*Problem:*
Look below. Copy each line that has "Thumbnail" in it.
═════ Records for processing
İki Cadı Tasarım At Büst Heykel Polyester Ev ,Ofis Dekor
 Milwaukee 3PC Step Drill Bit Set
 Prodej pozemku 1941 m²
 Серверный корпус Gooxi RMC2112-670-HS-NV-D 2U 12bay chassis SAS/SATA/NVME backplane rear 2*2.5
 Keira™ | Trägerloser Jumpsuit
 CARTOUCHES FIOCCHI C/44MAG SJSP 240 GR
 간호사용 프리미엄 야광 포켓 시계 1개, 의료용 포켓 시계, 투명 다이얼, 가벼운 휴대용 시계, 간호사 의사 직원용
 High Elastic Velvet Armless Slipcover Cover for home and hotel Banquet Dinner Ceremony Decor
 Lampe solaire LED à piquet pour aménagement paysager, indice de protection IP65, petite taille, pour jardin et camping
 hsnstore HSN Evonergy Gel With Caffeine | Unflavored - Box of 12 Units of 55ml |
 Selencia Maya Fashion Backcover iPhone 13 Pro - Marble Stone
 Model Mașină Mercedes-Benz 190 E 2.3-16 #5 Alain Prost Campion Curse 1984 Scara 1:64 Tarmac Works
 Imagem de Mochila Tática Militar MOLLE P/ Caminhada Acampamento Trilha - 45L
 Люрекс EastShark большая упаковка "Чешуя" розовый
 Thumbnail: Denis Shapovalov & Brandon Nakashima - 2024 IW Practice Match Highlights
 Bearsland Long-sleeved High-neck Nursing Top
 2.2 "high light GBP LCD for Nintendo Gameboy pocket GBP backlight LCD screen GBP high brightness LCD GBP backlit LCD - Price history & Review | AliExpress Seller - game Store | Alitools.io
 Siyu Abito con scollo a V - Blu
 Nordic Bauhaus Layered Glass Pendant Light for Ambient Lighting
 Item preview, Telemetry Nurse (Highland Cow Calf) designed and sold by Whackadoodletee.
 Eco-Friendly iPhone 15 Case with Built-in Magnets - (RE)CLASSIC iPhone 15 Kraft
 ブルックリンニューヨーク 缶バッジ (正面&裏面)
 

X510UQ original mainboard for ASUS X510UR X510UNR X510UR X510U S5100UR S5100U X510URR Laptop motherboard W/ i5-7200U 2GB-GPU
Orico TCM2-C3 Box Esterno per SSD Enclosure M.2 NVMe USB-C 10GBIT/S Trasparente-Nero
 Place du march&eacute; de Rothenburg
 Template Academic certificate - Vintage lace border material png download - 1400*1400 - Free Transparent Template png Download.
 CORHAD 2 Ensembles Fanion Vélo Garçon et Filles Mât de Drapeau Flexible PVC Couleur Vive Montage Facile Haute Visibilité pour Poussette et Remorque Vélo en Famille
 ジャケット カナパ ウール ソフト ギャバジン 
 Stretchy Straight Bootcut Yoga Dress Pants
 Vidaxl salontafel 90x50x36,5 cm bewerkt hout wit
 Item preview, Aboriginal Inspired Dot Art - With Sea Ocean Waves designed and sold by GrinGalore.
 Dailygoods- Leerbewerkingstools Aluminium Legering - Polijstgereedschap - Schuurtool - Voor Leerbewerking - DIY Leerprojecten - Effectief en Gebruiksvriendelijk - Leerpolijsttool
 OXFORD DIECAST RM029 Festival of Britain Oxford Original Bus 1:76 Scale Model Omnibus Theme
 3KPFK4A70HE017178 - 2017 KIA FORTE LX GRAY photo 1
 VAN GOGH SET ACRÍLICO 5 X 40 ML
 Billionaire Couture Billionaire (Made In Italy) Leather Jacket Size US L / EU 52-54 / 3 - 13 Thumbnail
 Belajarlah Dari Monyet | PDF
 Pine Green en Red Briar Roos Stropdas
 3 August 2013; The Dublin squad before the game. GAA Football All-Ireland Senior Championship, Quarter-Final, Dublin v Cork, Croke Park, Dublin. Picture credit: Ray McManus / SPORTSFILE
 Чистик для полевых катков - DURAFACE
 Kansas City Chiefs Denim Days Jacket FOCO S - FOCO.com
══════════
*Task output:*
 Thumbnail: Denis Shapovalov & Brandon Nakashima - 2024 IW Practice Match Highlights
 Billionaire Couture Billionaire (Made In Italy) Leather Jacket Size US L / EU 52-54 / 3 - 13 Thumbnail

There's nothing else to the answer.